Zitat von Kai Stian Olstad <ceph+list(a)olstad.com>om>:
> Hi Eugen, thank you for the reply.
>
> The OSD was drained over the weekend, so OSD 223 and 269 have only
> the problematic PG 404.bc.
>
> I don't think moving the PG would help since I don't have any empty
> OSD to move it to, and a move would not fix the hash mismatch.

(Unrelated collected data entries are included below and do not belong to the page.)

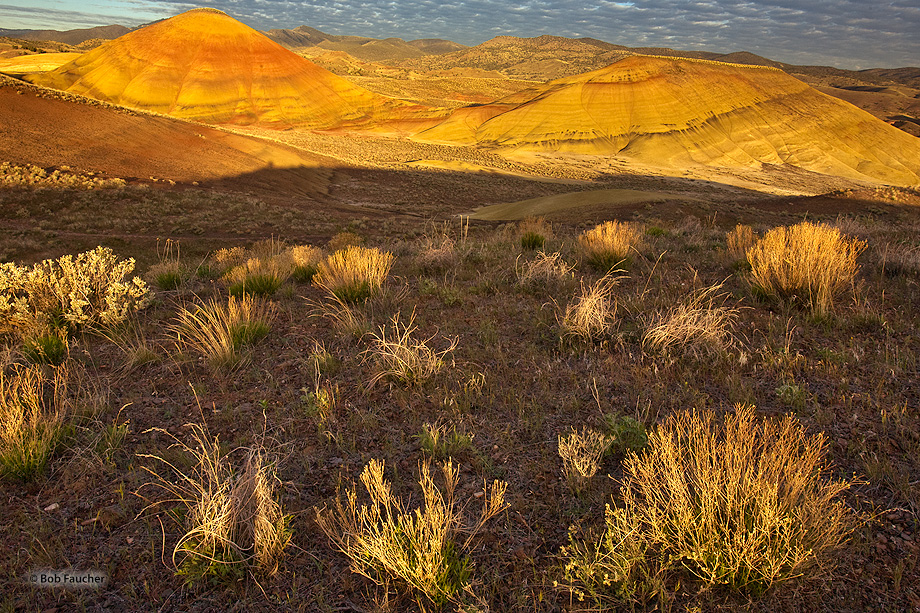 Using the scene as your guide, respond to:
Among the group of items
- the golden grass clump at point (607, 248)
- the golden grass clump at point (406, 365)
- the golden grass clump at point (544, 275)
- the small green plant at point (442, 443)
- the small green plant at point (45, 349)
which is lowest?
the small green plant at point (45, 349)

> The reason I just want to have the problematic PG on the OSDs is to
> reduce recovery time.
> I would need to set min_size to 4 in an EC 4+2, and stop them both
> at the same time to force a rebuild of the corrupted part of PG that
> is on osd 223 and 269, since repair doesn't fix it.
>
I'm debating with myself if I should
1. Stop both OSD 223 and 269,
2. Just one of them.
>
> Stopping them both, I'm guarantied that part of the PG on 223 and
> 269 is rebuild from the 4 other, 297, 276, 136 and 197 that doesn't
> have any errors.
>
> OSD 223 is the master in the EC, pg 404.bc acting [223,297,269,276,136,197]
> So maybe just stop that one, wait for recovery and the run
> deep-scrub to check if things look better.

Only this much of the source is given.